We haven't flown anywhere during this past year....due to this CV.  However, we have flown on a 737 several times to Denver and Las Vegas, over the years, and I have never had any "anxiety" over flying on that aircraft.  I certainly don't know the details of those crashes, but the reports I saw indicated, to me, that there was a lack of proper training and use of the flight systems on that aircraft.


----------



## oldman (Mar 3, 2021)

Don M. said:


> We haven't flown anywhere during this past year....due to this CV.  However, we have flown on a 737 several times to Denver and Las Vegas, over the years, and I have never had any "anxiety" over flying on that aircraft.  I certainly don't know the details of those crashes, but the reports I saw indicated, to me, that there was a lack of proper training and use of the flight systems on that aircraft.

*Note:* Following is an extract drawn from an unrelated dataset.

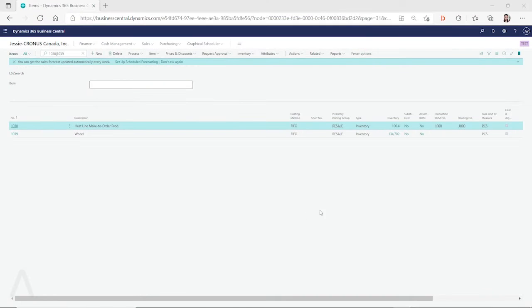Hello everyone. In this video, I want to talk about the low-level code calculation. So what is low-level code and what is the low-level code used for in Dynamics 365 Business Central?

That’s exactly what the *main* cause was of the two accidents.


----------



## oldman (Mar 3, 2021)

Here is a YouTube video of the pilot that flew the B-777 that lost the engine after takeoff from Denver. I knew Chris back when I worked at United and flew with him a few times before he became a Captain. Chris is a very competent pilot and it didn’t surprise me at all that he was able to land his plane on a single engine with no problems. Chris and I made a few trips together to Hawaii on the B-747. He’s a very cordial and likable man.


----------



## PamfromTx (Mar 3, 2021)

It's so good to see you back, @oldman .   You were certainly missed by many!


----------



## oldman (Mar 3, 2021)

PamfromTx said:


> It's so good to see you back, @oldman .   You were certainly missed by many!

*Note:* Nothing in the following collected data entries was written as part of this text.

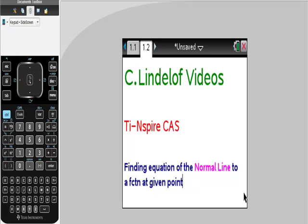Okay, C. Lindelof videos, TI-inspired CAS. Finding the equation of normal lines to a function given a point.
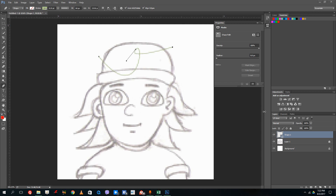Hello YouTube and welcome to lesson 31 of the Photoshop tutorial series. Today we're going to trace a cartoon character that's actually a drawing inside of Photoshop by using the pen tool.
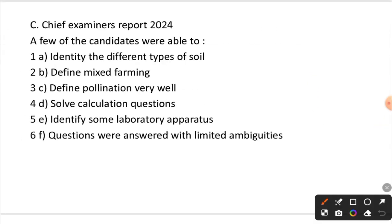In the chief examiner's report, students were able to identify types of soil, define mixed farming, define pollination very well, and solve calculation questions — though there's a problem with that which we'll get back to. They could also identify some laboratory apparatus, and questions were answered with less ambiguity, meaning students gave clear and concise responses.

Thank you and likewise. I miss not reading all of the comments that are posted. I have learned that we have a lot of really intelligent people on this forum.


----------



## win231 (Mar 3, 2021)

I don't think Boeing should allow that plane to fly again.
Even the plastic ones at "Toys 'R Us" keep falling off the shelf.


----------



## oldman (Mar 3, 2021)

win231 said:


> I don't think Boeing should allow that plane to fly again.
> Even the plastic ones at "Toys 'R Us" keep falling off the shelf.

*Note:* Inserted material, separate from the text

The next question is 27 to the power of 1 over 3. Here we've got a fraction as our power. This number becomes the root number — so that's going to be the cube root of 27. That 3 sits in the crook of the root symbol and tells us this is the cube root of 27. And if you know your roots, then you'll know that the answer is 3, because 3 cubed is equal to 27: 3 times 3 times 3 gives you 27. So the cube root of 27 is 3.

I flew Boeing planes for 26  of my 33 years of flying. The B-737 is the best all time selling plane for its size. When Boeing installed the MCAS on the 737, they left out one critical part, training.

When Boeing designed the MAX, they also put on a larger engine, which meant that the engine had to be moved forward to prevent it from dragging on the ground. This moved the weight to the front of the aircraft. When we fly the plane, we keep the nose slightly in an up position. This is called the “Angle of Attack” or “AOA.” (Some abbreviate it AoA.) (I generally flew at about a 3 degree AoA.) 

With the weight of the plane being forward, this may cause the nose to want to go nose down, causing the MCAS to engage and raise the nose back to a slight nose up position. When the nose is lowered, this causes the plane’s speed to increase. This is why the MCAS will engage and raise the nose slightly back up.

The pilots who flew this plane were unaware of these events because of a lack of training and because of this, when the nose went down, the pilots would attempt to raise it as did the MCAS. When the pilots would manually perform this duty, it “should” have kicked off the MCAS, just like it happens to the autopilot (A/P).

I read of one instance where the MCAS attempted to raise the nose while the pilot attempted to lower the nose. One working against the other never works. Luckily, the pilot was able to recover the aircraft.


----------



## Glowworm (Mar 4, 2021)

We've never met before OM but glad to hear that you're well on the way to a full recovery.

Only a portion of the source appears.